■ Information shown
+--

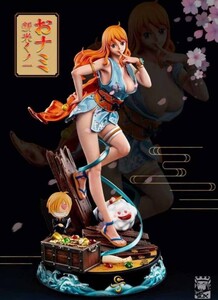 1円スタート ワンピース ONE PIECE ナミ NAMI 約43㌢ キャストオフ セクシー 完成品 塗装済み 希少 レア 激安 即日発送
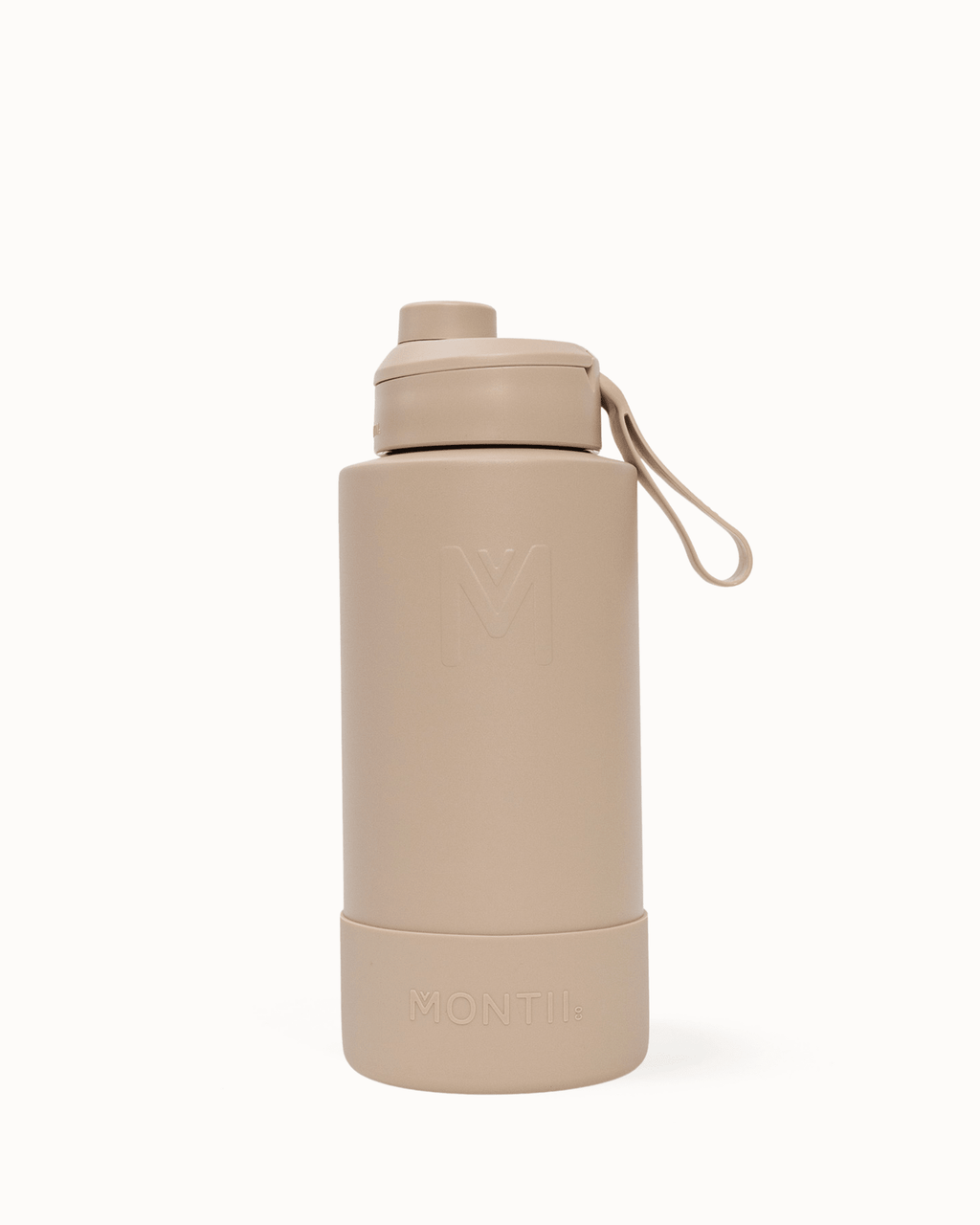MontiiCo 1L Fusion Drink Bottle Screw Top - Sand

+--

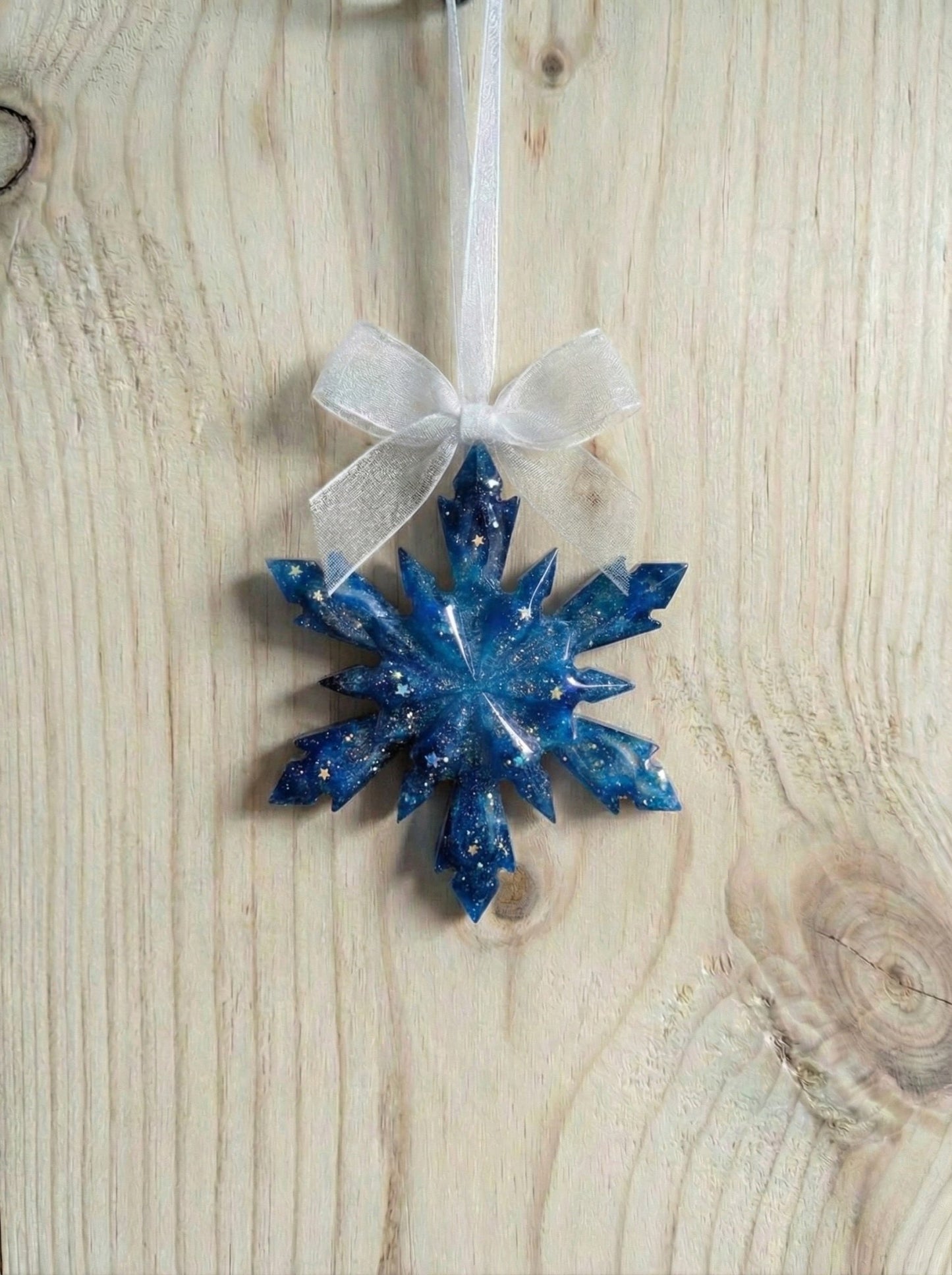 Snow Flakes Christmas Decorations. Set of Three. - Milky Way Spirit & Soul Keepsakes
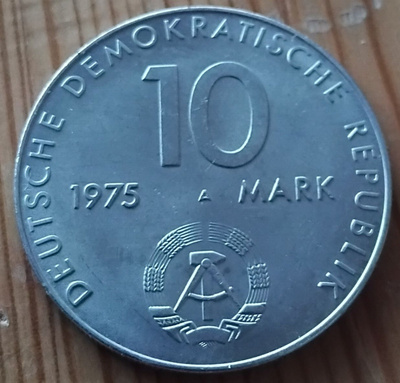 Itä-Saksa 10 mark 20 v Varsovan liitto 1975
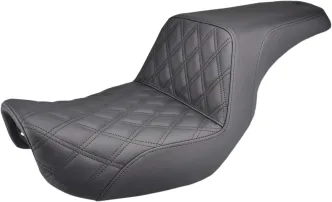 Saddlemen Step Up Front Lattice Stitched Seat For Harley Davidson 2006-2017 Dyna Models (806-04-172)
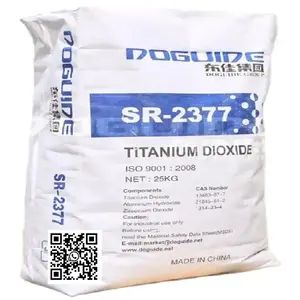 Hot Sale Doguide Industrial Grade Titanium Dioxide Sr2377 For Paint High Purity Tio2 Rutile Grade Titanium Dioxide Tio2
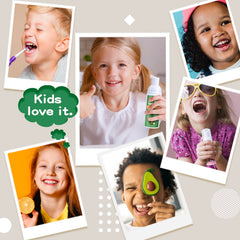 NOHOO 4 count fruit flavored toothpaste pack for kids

+--

■ What to do
Find the line with "Hot Sale Doguide" in the entries above. Set down exactly every line from it up to and including the line with "NOHOO 4 count", images excluded.

■ Answer to this exercise
 Hot Sale Doguide Industrial Grade Titanium Dioxide Sr2377 For Paint High Purity Tio2 Rutile Grade Titanium Dioxide Tio2
 NOHOO 4 count fruit flavored toothpaste pack for kids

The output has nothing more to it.